Ada —
Max Glauben, Holocaust survivor, spoke about his experiences Wednesday evening at an East Central University diversity lecture.
“Prepare yourselves,” Glauben said as he began. “Sometimes when you talk about horrible things, they create hate. I don’t want to create hate. I want to create love.”
Glauben said he’s gone on the March of the Living, a program that allows international students to tour Holocaust sites in Poland, where Glauben was.
“When you see a play in school without scenery, it’s equivalent to us telling you about the Holocaust,” he said. “When you go on the March of the Living and you see the actual ovens, gas chambers and the ashes, that’s when you finish your knowledge because the scenery enhances what you’ve learned about the Holocaust.”
Glauben said most places associated with the Holocaust in Poland were destroyed by the Germans. He said he’s committed to going back to help younger generations understand what happened during the years between 1939 and 1945.
“As long as my legs carry me, I’ll go back,” he said.
Glauben said he lived in Warsaw, Poland with his family. When Poland was occupied by Germany, he said Jewish families were subjected to laws passed in Germany by the Nazi party regulating how Jews could live. Soon, he said, Warsaw’s Jews were rounded up and put in the Warsaw ghetto. Glauben said he was a smuggler in the Warsaw ghetto.
The Jews in the ghetto eventually rebelled.
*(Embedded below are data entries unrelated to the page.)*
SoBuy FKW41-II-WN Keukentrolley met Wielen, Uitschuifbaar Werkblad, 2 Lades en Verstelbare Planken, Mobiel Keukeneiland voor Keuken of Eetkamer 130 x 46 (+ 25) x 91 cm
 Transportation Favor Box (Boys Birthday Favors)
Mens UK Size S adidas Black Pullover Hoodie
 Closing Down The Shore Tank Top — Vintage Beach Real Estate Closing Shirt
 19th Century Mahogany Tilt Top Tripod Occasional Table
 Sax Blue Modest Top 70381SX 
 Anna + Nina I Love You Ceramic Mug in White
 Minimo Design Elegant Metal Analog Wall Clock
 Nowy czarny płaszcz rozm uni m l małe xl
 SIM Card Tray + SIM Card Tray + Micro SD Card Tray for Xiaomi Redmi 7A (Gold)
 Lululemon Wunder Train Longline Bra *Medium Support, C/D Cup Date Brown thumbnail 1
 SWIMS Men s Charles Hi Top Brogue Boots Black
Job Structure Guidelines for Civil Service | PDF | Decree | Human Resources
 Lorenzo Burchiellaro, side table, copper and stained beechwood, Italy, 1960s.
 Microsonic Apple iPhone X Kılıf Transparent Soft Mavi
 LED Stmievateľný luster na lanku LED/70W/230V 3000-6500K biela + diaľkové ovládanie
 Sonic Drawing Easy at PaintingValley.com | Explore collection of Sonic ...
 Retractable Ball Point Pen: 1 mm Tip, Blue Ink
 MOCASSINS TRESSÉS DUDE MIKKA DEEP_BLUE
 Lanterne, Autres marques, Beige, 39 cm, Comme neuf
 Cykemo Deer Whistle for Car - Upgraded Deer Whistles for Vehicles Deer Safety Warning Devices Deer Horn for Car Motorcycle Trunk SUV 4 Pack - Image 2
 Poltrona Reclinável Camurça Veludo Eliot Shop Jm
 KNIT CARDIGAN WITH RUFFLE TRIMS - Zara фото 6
Nazi forces torched the ghetto and shipped its residents to concentration camps.
Glauben said most of his family was killed but he and his father were sent to Budzyn concentration camp.
“In most of the camps, the brutality of the commander determined how we were treated,” he said. He said the food in all the camps was the same. Jews were given one bowl of soup and one slice of bread per day. He said the flour in the bread was often mixed with sawdust and other powders.
“The bread was baked in a pan like a pound cake because the mixture was so loose, it would be one big pancake if they put it in an oven,” Glauben said.
Glauben’s father died after three weeks in the camp and Glauben was sent to Mielec, Wielicza and Flossenburg concentration camps.
“When we marched from the camps that usually were built next to German factories in order to provide slave labor, we had to march, keep cadence and sing,” he said. “If you didn’t do it, you never reached one or the other.”
While on one of these marches in 1945, Glauben was finally liberated. He was drafted into the United States Army and trained at Fort Hood, Texas. He served in the Korean War.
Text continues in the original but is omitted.